3. History databases
A history database requires a data read RT that is roughly the same as that of OLTP and is sensitive to data consistency. A history database is insensitive to the data write RT and mainly deals with queries based on key-value pairs. Occasionally, it also deals with a small amount of Stat and Aggregate queries.
Recommended configuration
Considering the characteristics of history databases and the low bandwidth of the storage media, you must ensure that the memory switchover of OceanBase Database does not affect the data read performance and reduce the major compaction efficiency.
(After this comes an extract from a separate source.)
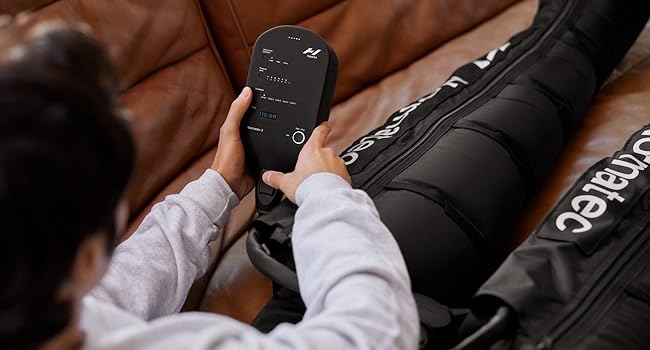 Man on a leather couch using a Normatec control unit.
Recommended parameter settings:
memory_limit: You can use the default value 0, which specifies that the maximum memory of the physical server available for OceanBase Database is determined by memory_limit_percentage.
memory_limit_percentage: You can set the parameter to 80 if the memory size of the physical server is less than 512 GB, or 90 if the memory size of the physical server is equal to or greater than 512 GB.
freeze_trigger_percentage: We recommend that you set the parameter to a value that is consistent with the MemStore parameters, say 80, to minimize the number of major compactions daily.
minor_freeze_times: We recommend that you set the parameter to 0, which indicates that the minor compaction feature is disabled. This is because most history databases use SATA drives.
sys_bkgd_io_percentage: This parameter specifies the percentage of system I/O threads. We recommend that you set the parameter to 90 so that the data disk bandwidth can be maximized during major compaction.
merge_thread_count: The default value of this parameter is 0, which indicates that the major compaction threads are automatically allocated from the tenant threads. You can set it to 48 to allocate more threads and speed up the major compaction.
To sum up, you must adjust the memory management parameters based on your business scenarios and physical server configuration to meet your business needs at the best cluster performance.
In this way, you can make full use of the low RT of MemTable queries in the OceanBase Database and ensure the maximum equipment utilization with high availability, achieving a balance between performance and costs.